В 1939 г. посмертно вышло ‘Избранное’ П. Романова, после чего книги писателя почти полвека не издавались. Наконец, в 1984 г. в Туле был выпущен сборник произведений писателя ‘Детство’ (составитель и автор предисловия и послесловия Э. Л. Афанасьев), переизданный в 1986 г. В 1988 г. издательство ‘Художественная литература’ выпустило ‘Избранные произведения’ П. Романова (составитель и автор вступительной статьи Ст. Никоненко). Несколько рассказов Романова впервые напечатаны в газетах и журналах в 1988 году.
Произведения, включенные в настоящий сборник, расположены в порядке их первой публикации (за редкими исключениями, обусловленными тесной смысловой связью некоторых рассказов).
Основным источником послужило прижизненное издание Полного собрания сочинений (М., 1929—1930).
Тексты даются в соответствии с современной орфографией и пунктуацией. Лишь в отдельных случаях сохранены особенности авторского написания.
Детство.— Впервые — Рол. Сб. 2, М., сокращенный вариант, полностью — Собр. соч. М., 1926. Т. 4.

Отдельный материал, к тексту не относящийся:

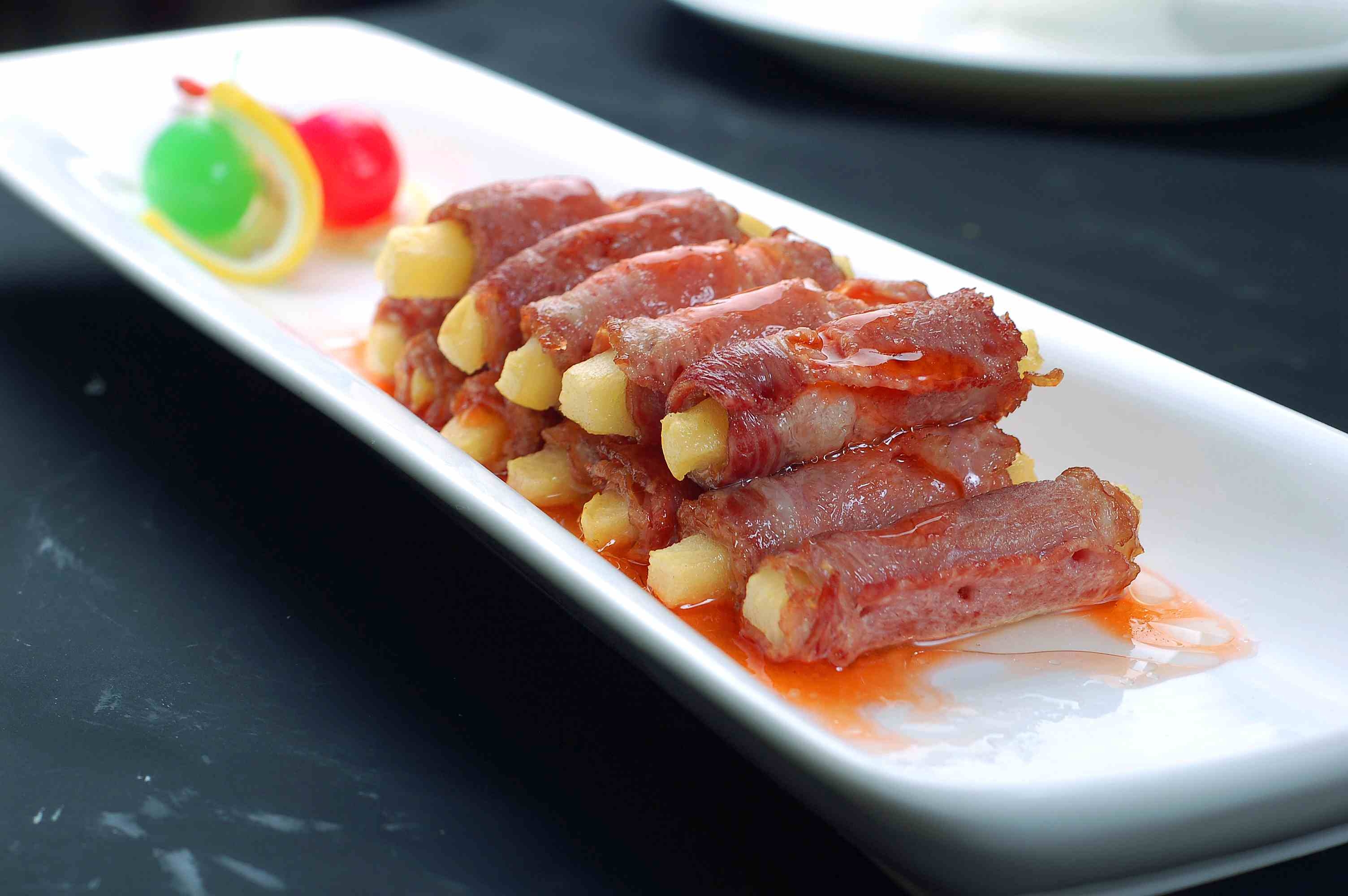 餐饮美食川菜果香培根卷高清图片203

Повесть была начата в небольшом имении тети, в селе Яхонтове Одоевского уезда Тульской губернии, где мальчиком Романов часто гостил. Однако, как впоследствии вспоминал писатель, характер жизни там был другой (Романов П. С. Огоньки. Рига, 1929. С. 5), и повесть вовсе не представляет собой автобиографии, хотя, разумеется, элементы автобиографического материала в ней несомненно содержатся
Повесть посвящена балерине Антонине Михайловне Шаломытовой, ставшей в 1919 году женой писателя.